Just wanted to know how you measure for the dumbbell. Maddie's is TOO BIG right now, and I need to order a new one. Anyone know how to do this? On the side of her J and J dumbbell, it says 12x12, I think I should get the 12x10? I hope you all can help me!

Thanks!


----------



## FlyingQuizini (Oct 24, 2006)

DUMBBELL SIZING INSTRUCTIONS

Items needed: 
1) a long round object (a pencil, pen or thin wooden dowel) (LRO) 
2 ) a ruler 
3) the dog 
Our philosophy is that the dumbbell should fit snugly in the dog’s mouth just behind the canine teeth, meaning that the dog’s lips should rest comfortably where the taper of the dumbbell meets the bar of the dumbbell. We do not like to see any of the bar showing on either side of the dog’s mouth, but we don’t want the dumbbell to be to tight either. If the dumbbell fits snugly in the mouth, it will discourage any shifting of the dumbbell which may cause the “mouthing” that could occur with an improperly fit dumbbell. 
Have the dog sit calmly in front of you and place the LRO is his/her mouth as if it were the bar of the dumbbell. Bring the LRO towards the front of the mouth so that is rests snugly behind the canine teeth (those are the fang like teeth in the front of the mouth). Close the dog’s mouth and grab the LRO with your fingers where it comes out on each side of the mouth.

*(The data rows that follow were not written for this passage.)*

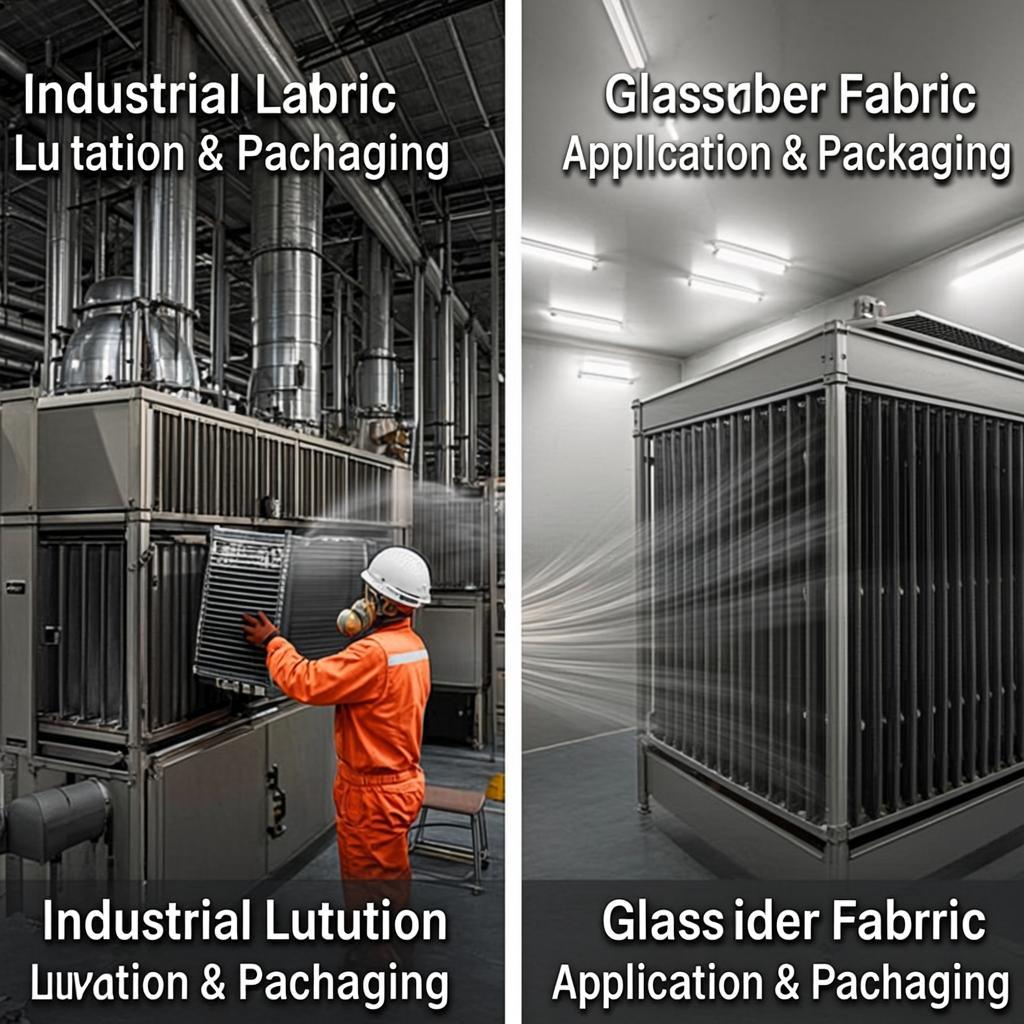china composite bag filter media
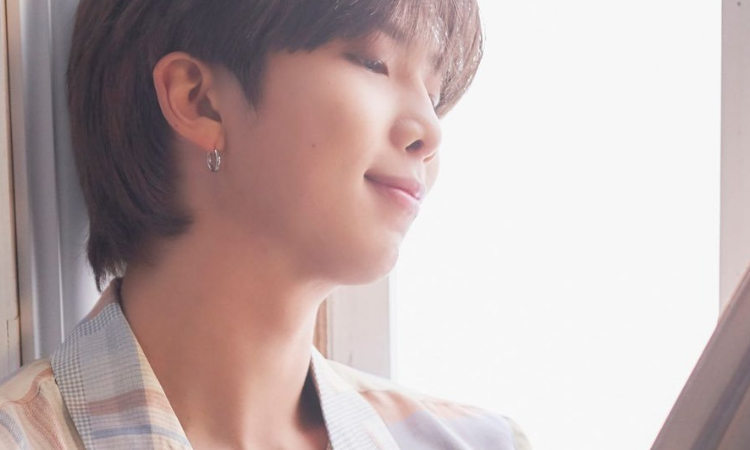 Kim Namjoon y sus mensajes para Army en Weverse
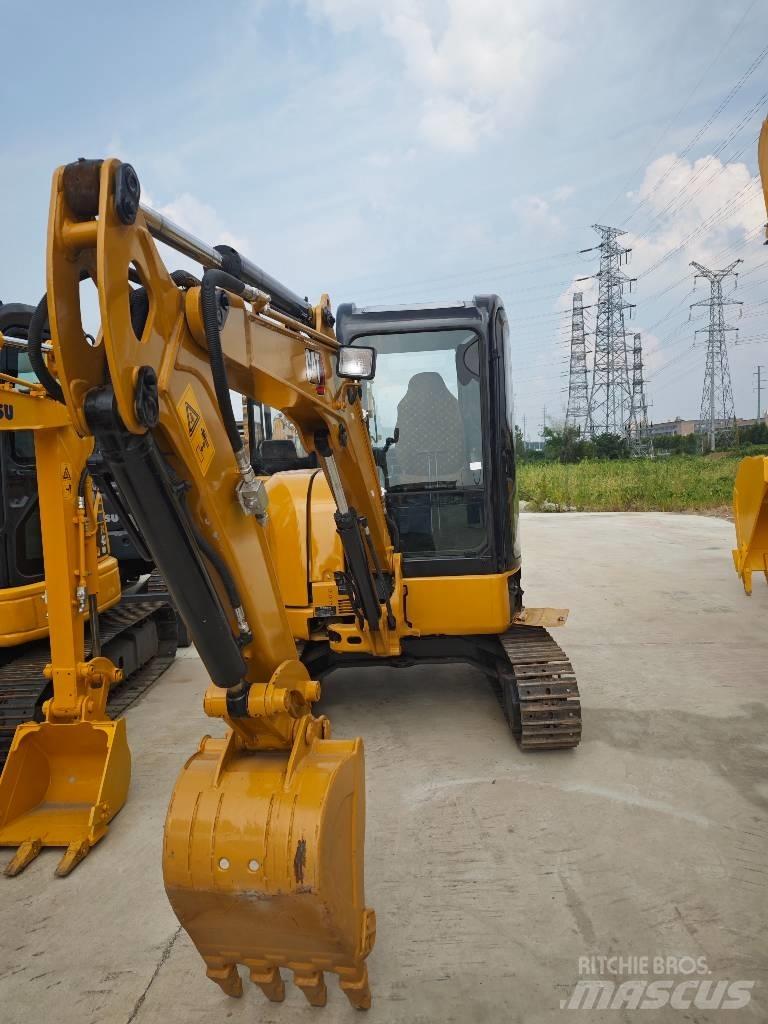 CAT 303.5 E CR Minikoparki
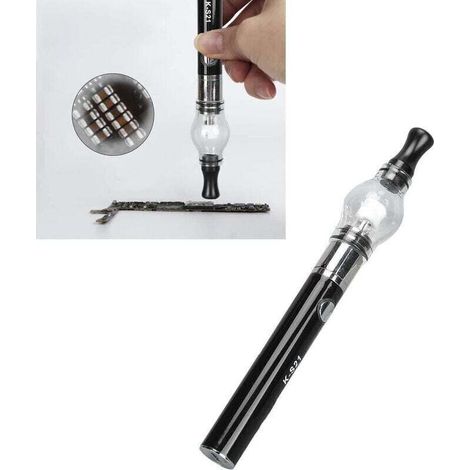 Stylo d'atomiseur de colophane, appareil de maintenance portable pour détecter les courts-circuits avec accessoires pour machine à souder par câble USB (1/4)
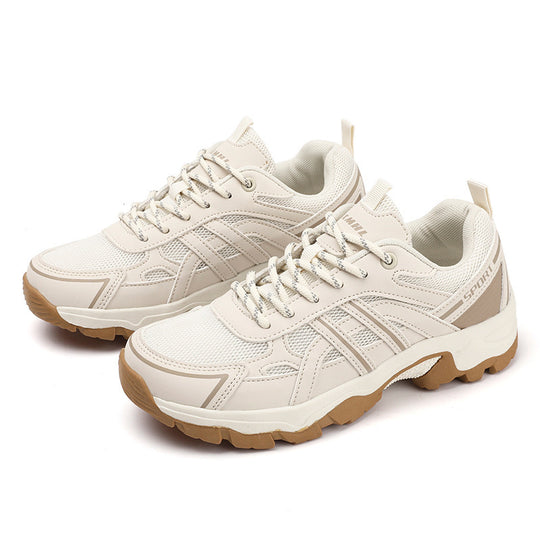 Damen Sportliche Laufsneaker mit atmungsaktivem Obermaterial und rutschfester Sohle EB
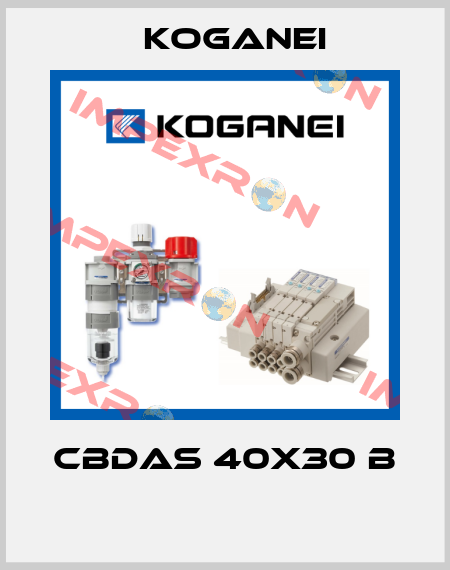 CBDAS 40X30 B  Koganei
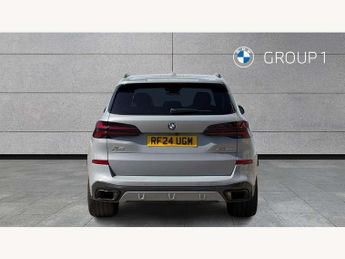 BMW X5 xDrive40d MHT M Sport 5dr Auto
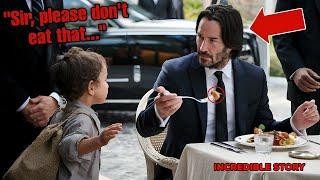 Homeless Boy Screams 'Don’t Eat That'—Keanu Reeves’ Incredible Story of Bravery Leaves All Stunned!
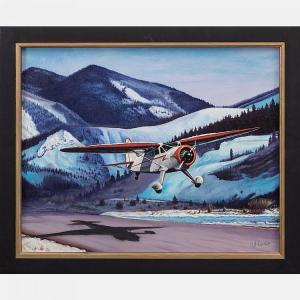ENCKLER Albert J 1921-2014,Stinson Reliant SR-9 'Gullwing,Gray's Auctioneers US 2015-12-09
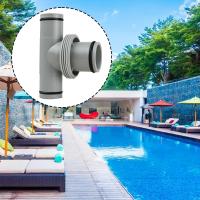 Adaptador De Tubo Para Piscina Conector De Verano Accesorios De Piscina Inlet Engrosado Para Reparación En Hogar - details 1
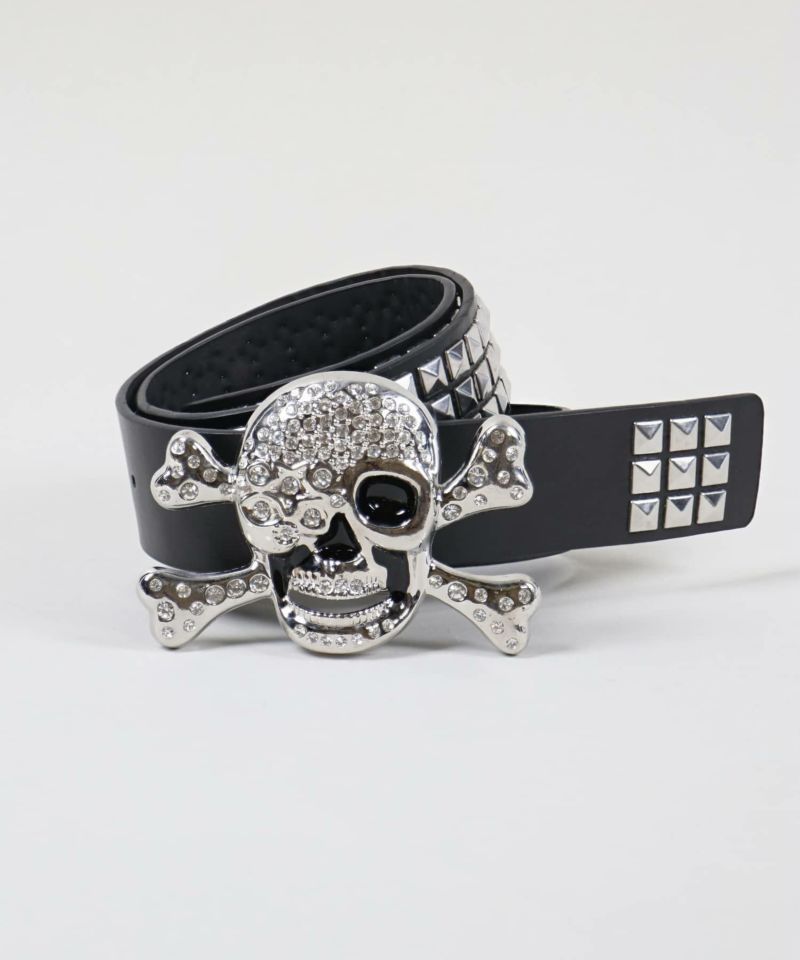 スカルバックルベルト/#ロマンスパンク | SPINNS WEB STORE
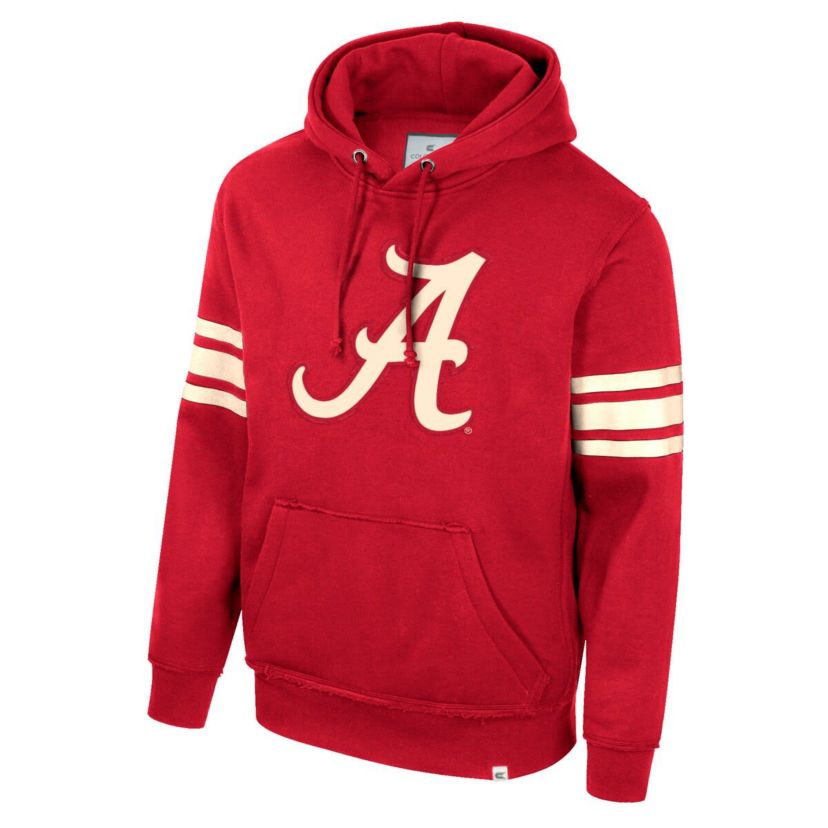 Alabama Crimson Tide NCAA Alabama Tide Saluting Pullover Hoodie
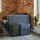 Rotho Aufbewahrungsbox Albula 40 x 24 x 34 cm 1-tlg. grau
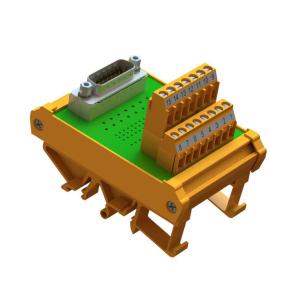 connection screw mm 08 5 ll2n plug 15-pole 41652 din 60807 iec to acc connectors d-sub connector terminal with module interface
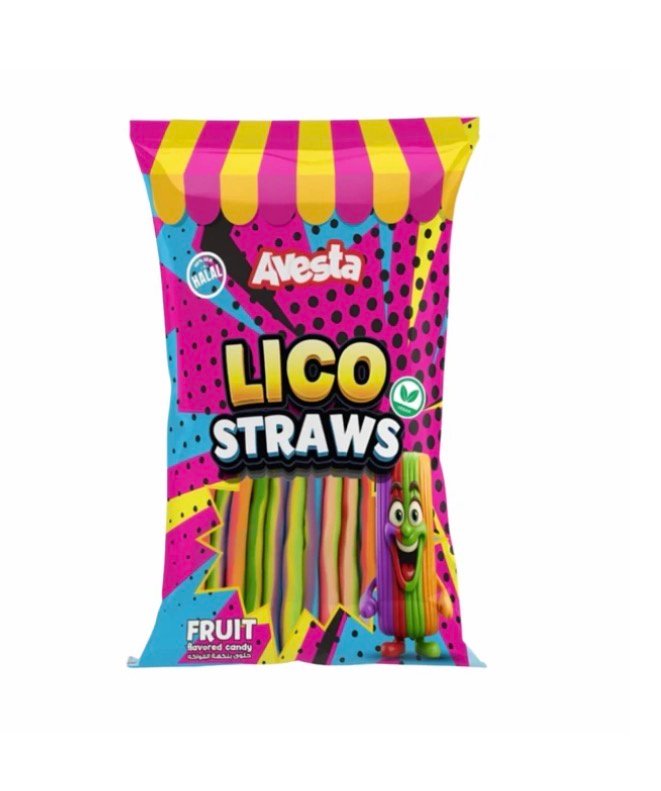 Avesta Lico Straws Fruits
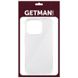 TPU чохол GETMAN Ease logo посилені вугли для Apple iPhone 15 (6.1") 65361 фото 9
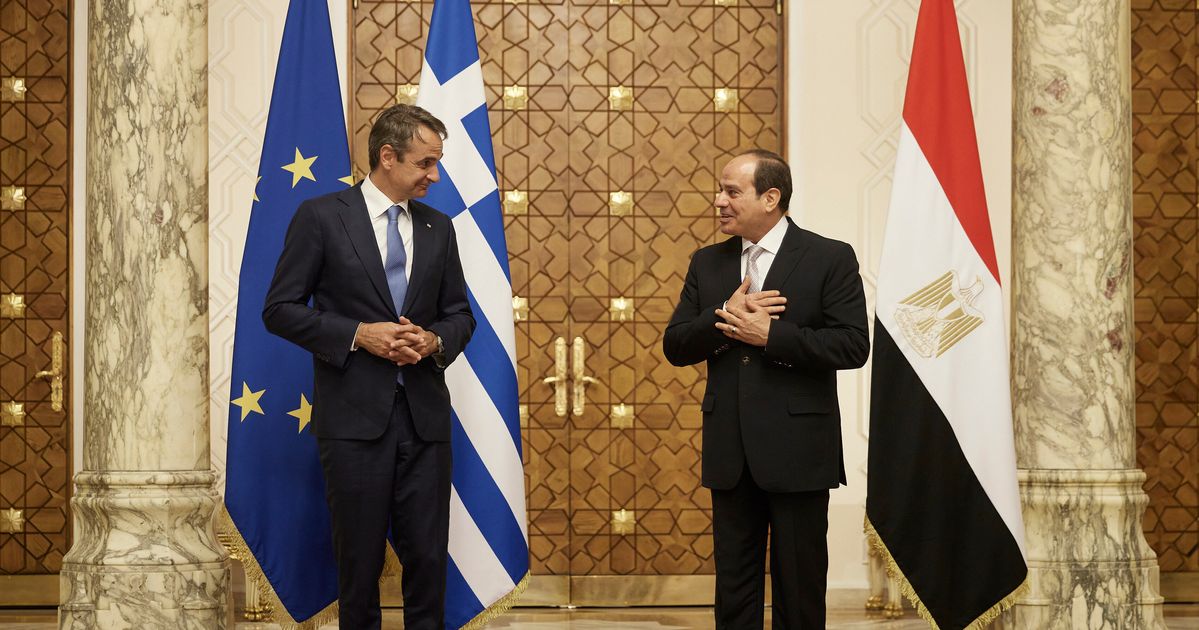 Μητσοτάκης: Αίγυπτος και Ελλάδα υπηρετούν τη σταθερότητα και την ασφάλεια στην Αν. Μεσόγειο
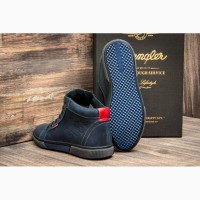 Зимние кожаные ботинки Wrangler Dakota Denim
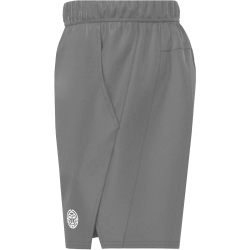 BIDI BADU Crew 7" Tennisshorts Herren GR - grey XS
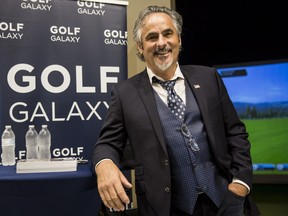 Golf commentator David Feherty is at the Chan Centre in UBC to tell his stories on Thursday.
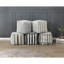 Pouf carré Modern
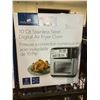 Image 1 : INSIGNIA 10QT STAINLESS STEEL DIGITAL AIR FRYER OVEN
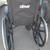 DRIVE Viper Plus GT Wheelchair 18" Flip Adjustable Height Black 8 thumbnail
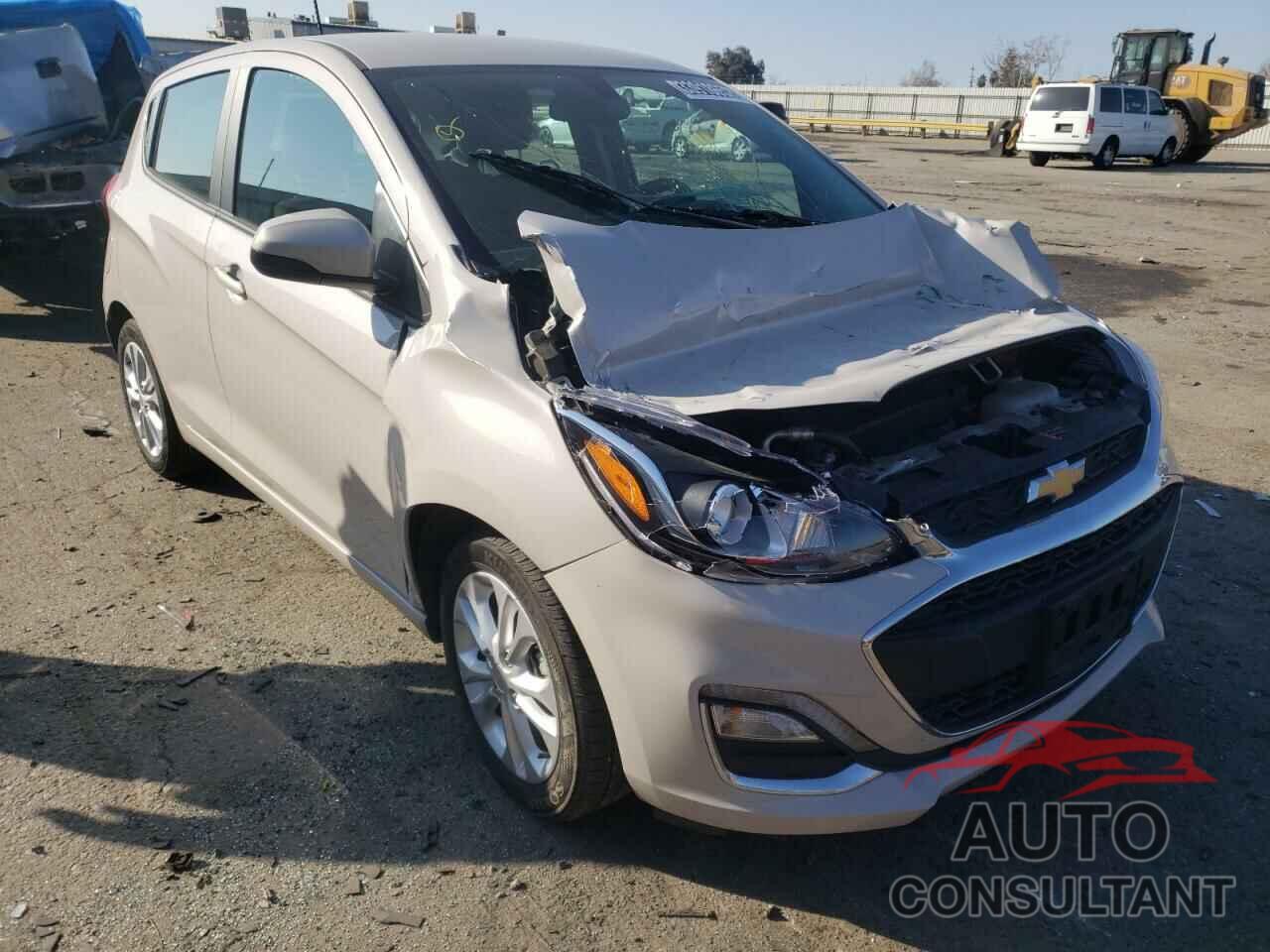 CHEVROLET SPARK 2021 - KL8CD6SA9MC748981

Make sure that the dog’s mouth is closed because you want to include the lips in the measurement. 
Lay the LRO against the ruler and measure the distance between your fingers. 
Repeat this process to make sure you have the measurement correct then call (800) 446-2920 or e-mail us ([email protected]) with the following information: 
Dog’s breed, sex and approx. weight and then the mouth measurement. 
From this information and our experience, we will be able to determine the correct dumbbell for your dog. 
Good luck and thank you for choosing a Max 200 dumbbell. 
Sept. 01, 2003


----------



## Goldendogx2 (Sep 2, 2007)

I have a few J&J dumbbells - Invincabell that is a size 4. This was for my smaller 50 lb golden.


----------